Le fantôme
Mon grand-père est un fantôme ! J’avais adressé une lettre aux Archives nationales pour savoir s’il existait une trace quelconque des relations administratives entre Jean Jardin et les Renseignements généraux — notamment avec le commissaire Lanteaume; et d’une manière générale en espérant que l’on me communiquerait copie de tout document signé par le Nain Jaune dans ses fonctions officielles auprès de Pierre Laval.
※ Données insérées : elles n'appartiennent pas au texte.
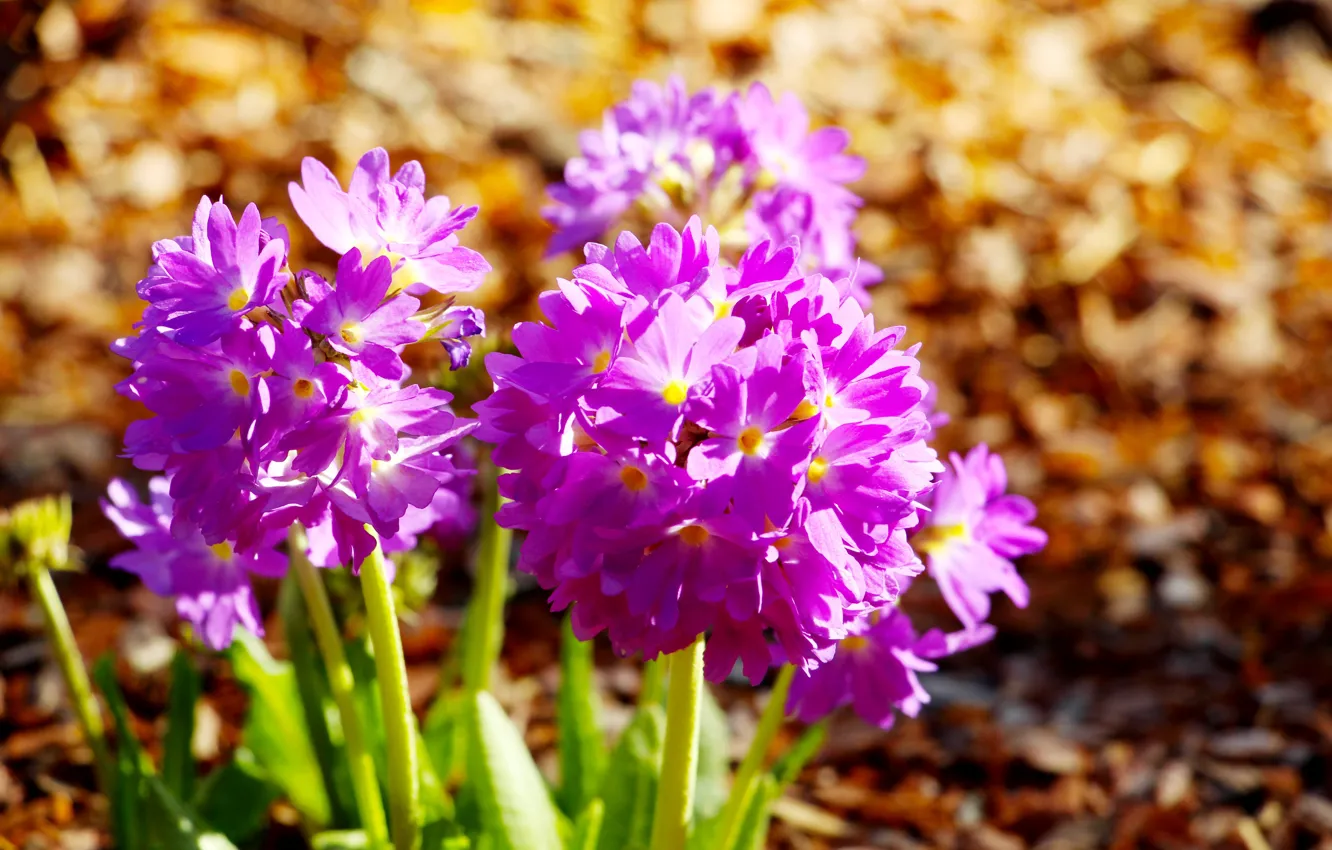 Фото обои flower, spring, foilet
Je reste sidéré par la réponse laconique mais précise que m’adresse la direction scientifique de Paris — section du XXesiècle — en date du 8 juin 2010, dont voici un extrait:
« Afin de répondre à votre courrier relatif aux activités de votre grand-père, Jean Jardin, directeur de cabinet de Pierre Laval de mai 1942 à octobre 1943, une recherche a été menée dans les sous-séries AJ/38 (Commissariat Général aux Questions Juives), F/60 (secrétariat général du gouvernement et services du Premier ministre), 2AG (papiers des chefs de l’Etat, Etat français), et 3W (Haute Cour de Justice) des Archives nationales, site de Paris.
Les archives de l’Etat français et du chef du gouvernement (2AG et F/60) sont très lacunaires: il n’y a pas dans ces papiers de document témoignant des activités de votre grand-père. Il n’a pas été non plus trouvé de correspondance signée Jean Jardin dans le fonds du Commissariat Général aux Questions Juives (AJ/38). »
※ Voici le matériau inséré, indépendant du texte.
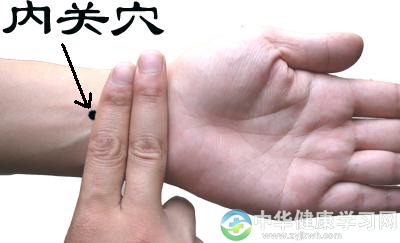 心脏的随身保健医生——内关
Je reste pétrifié: Jean a pu être directeur de cabinet du chef du gouvernement français pendant dix-huit mois sans laisser une seule minuscule trace dans les Archives nationales; pas même une note de frais ou un bordereau mineur. Du grand art… Il y a du Cagliostro dans cet évanouissement. Un biographe bienveillant ne pouvait y voir que la preuve de son innocence. J’y vois le pire: pour que tout ait été détruit ou mis de côté, notamment chez lui, il fallait que ce tout-là fût terrible; et que chaque note glissée dans une chemise archivable pût valoir à Jean un aller simple devant un poteau d’exécution. La peur de la mort crie derrière la lettre lapidaire que les Archives nationales m’adressent si gentiment. Quelques documents administratifs, gisant au fond de cartons lacunaires, eussent contribué à sauver la réputation du Nain Jaune. Rien, cela fait beaucoup; trop même. Ce silence des dossiers est bien un trou dans l’Histoire de France; et dans celle des miens. Même si je me doute qu’un jour ou l’autre les Archives nationales — classées par blocs non recomposés — livreront bien quelques documents concernant Jean Jardin, oubliés par mégarde.
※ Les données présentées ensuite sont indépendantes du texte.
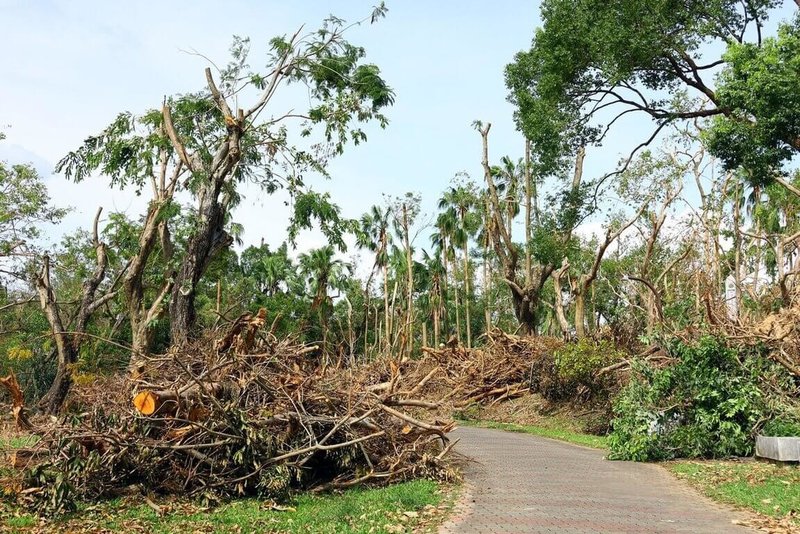 颱風丹娜絲重創嘉義市,目前除嘉義公園與嘉義都會森林公園外,其餘36處公園清運工作預計7月底完成。圖為市府清理市區的公園綠地。(嘉義市政府提供)中央社記者黃國芳傳真 114年7月25日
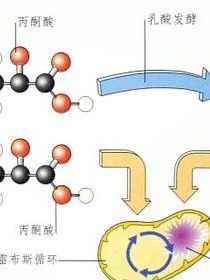 無氧呼吸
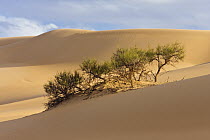 Tamarisk (Tamaricaceae) in desert, Libya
A ma connaissance, il n’y a qu’Al Capone et ses confrères, ou les tout-puissants Monsignore de l’Opus Dei, qui règlent leurs affaires sans jamais rien signer. Les directeurs de cabinet normaux — surtout à ce niveau-là — paraphent mille décisions par mois; pardon, par semaine…
On comprendra qu’il n’y ait jamais eu d’« affaire Jardin » après la guerre: pour poursuivre un collabo central devant des tribunaux de la République, il fallait des documents, quelques preuves tangibles. Papon et Bousquet eurent, eux, cette insigne maladresse de ne pas tout nettoyer. Le Nain Jaune savait que les Archives nationales ne recelaient aucun feuillet « témoignant de ses activités ». Pas de papier signé, pas d’adresse, à peine un sillage: seulement de la légende.
Impression triste: comme si tout cela n’avait jamais existé.